Activity: Nothing outside the lines below from the one containing "Чемодан-рюкзак П7102 темно-серый Polar" through the one containing "You Won’t Believe" is to be printed; print those exactly, ends included, and drop the pictures.

[Image-caption web data]

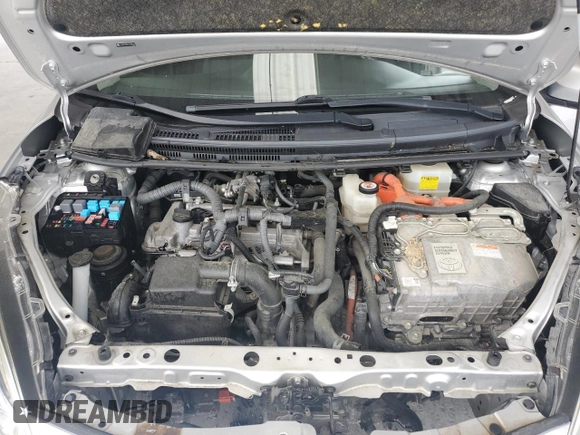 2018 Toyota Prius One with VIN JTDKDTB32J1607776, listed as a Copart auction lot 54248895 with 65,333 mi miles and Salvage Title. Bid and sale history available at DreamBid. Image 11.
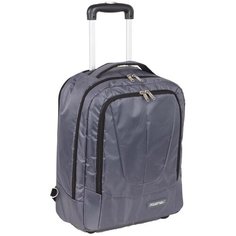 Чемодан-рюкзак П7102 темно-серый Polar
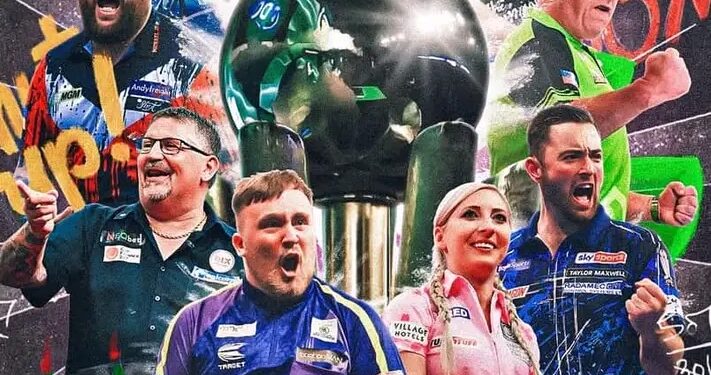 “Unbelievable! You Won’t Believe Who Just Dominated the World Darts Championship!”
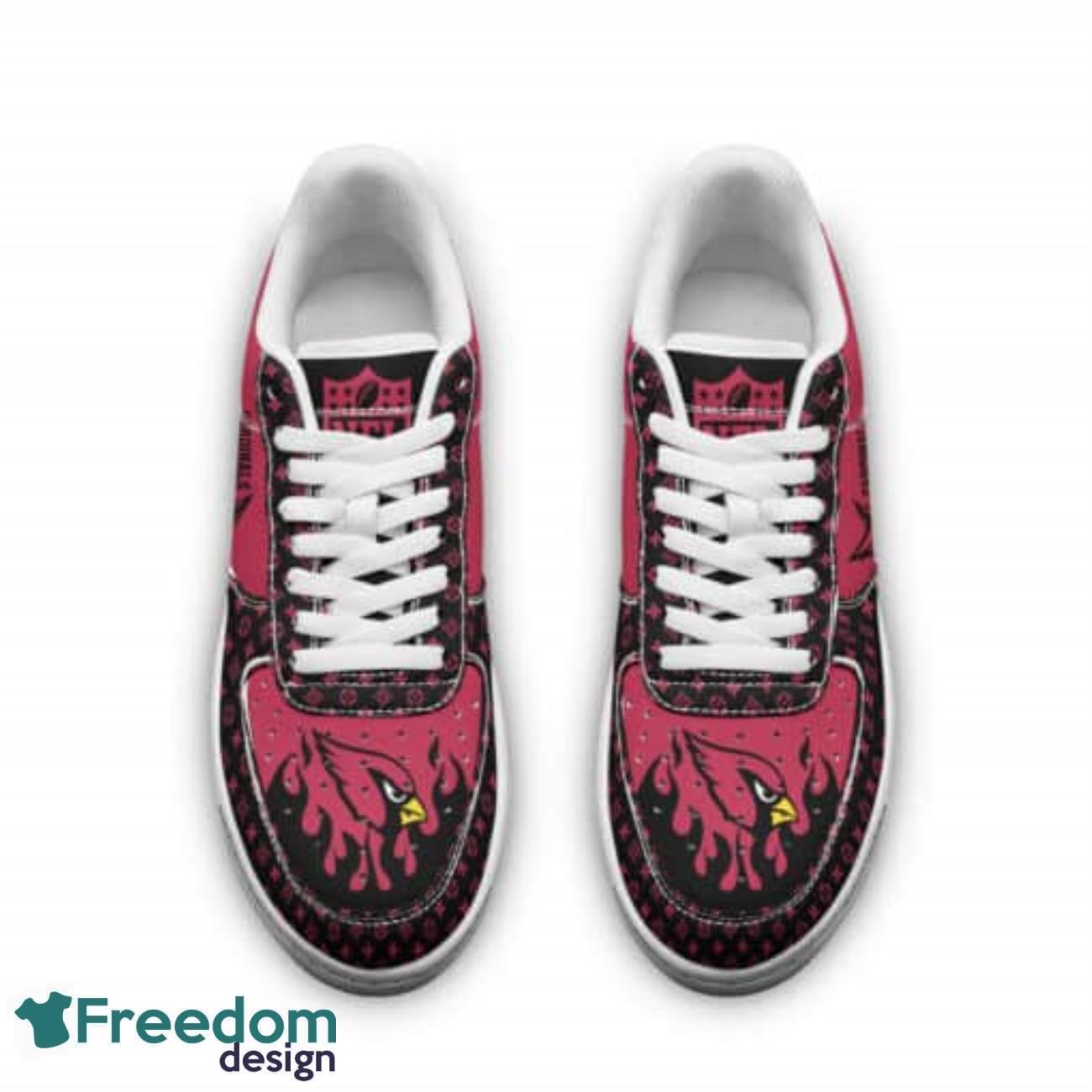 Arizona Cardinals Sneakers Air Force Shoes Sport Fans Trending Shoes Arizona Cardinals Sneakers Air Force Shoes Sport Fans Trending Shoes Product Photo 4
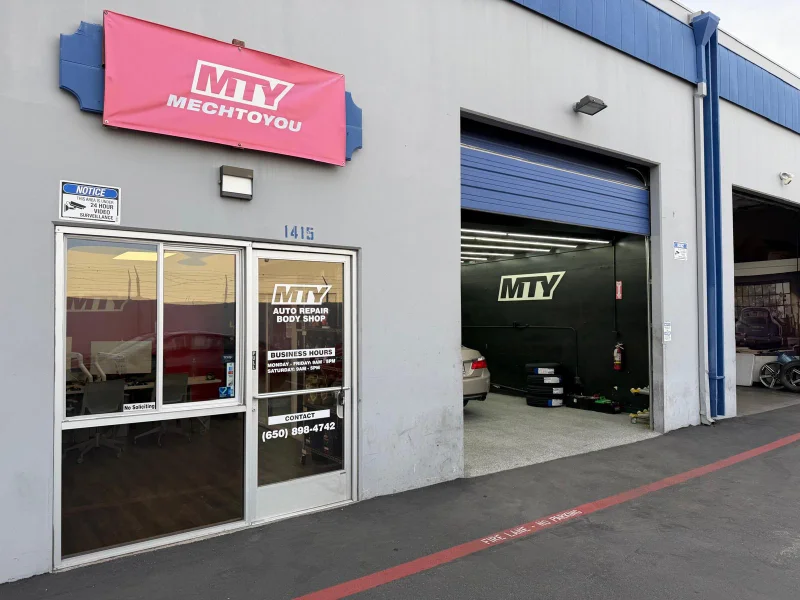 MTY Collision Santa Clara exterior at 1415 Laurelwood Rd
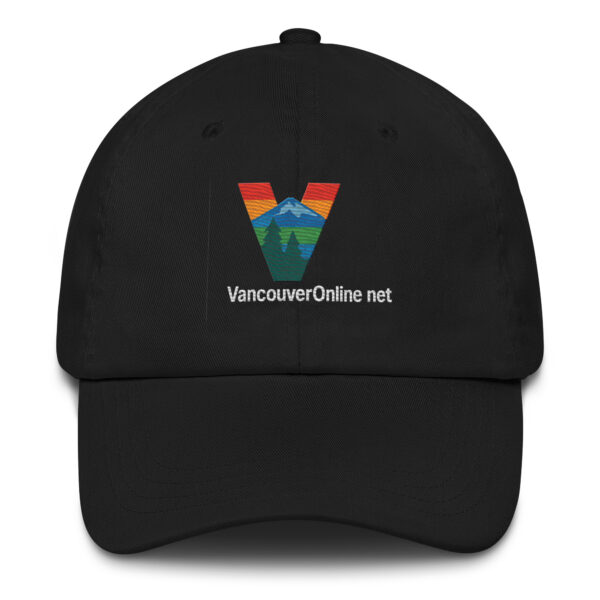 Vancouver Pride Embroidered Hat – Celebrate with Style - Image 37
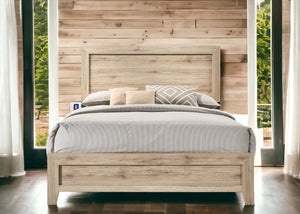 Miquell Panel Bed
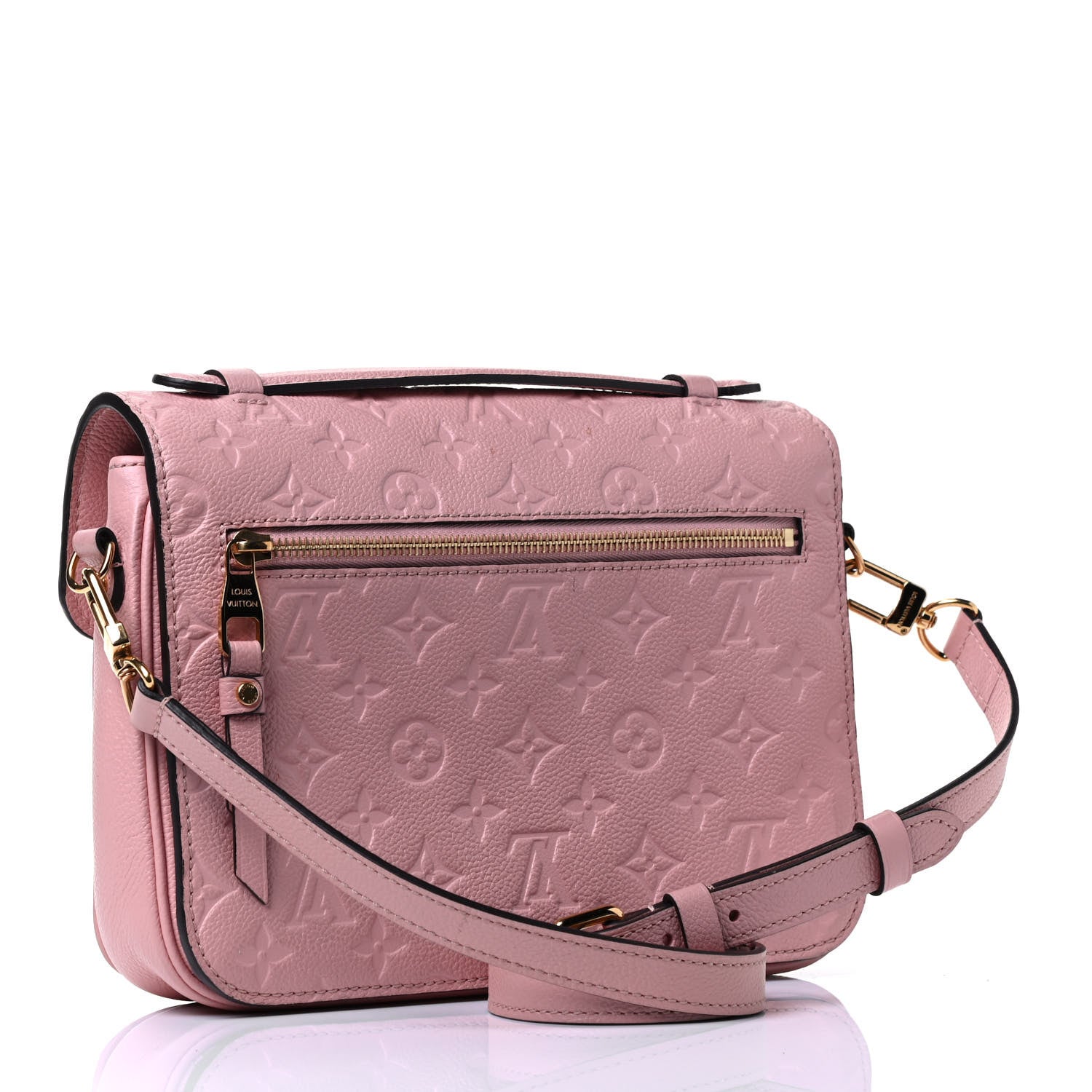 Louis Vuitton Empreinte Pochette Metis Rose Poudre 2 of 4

Exercise result:
 Чемодан-рюкзак П7102 темно-серый Polar
 “Unbelievable! You Won’t Believe Who Just Dominated the World Darts Championship!”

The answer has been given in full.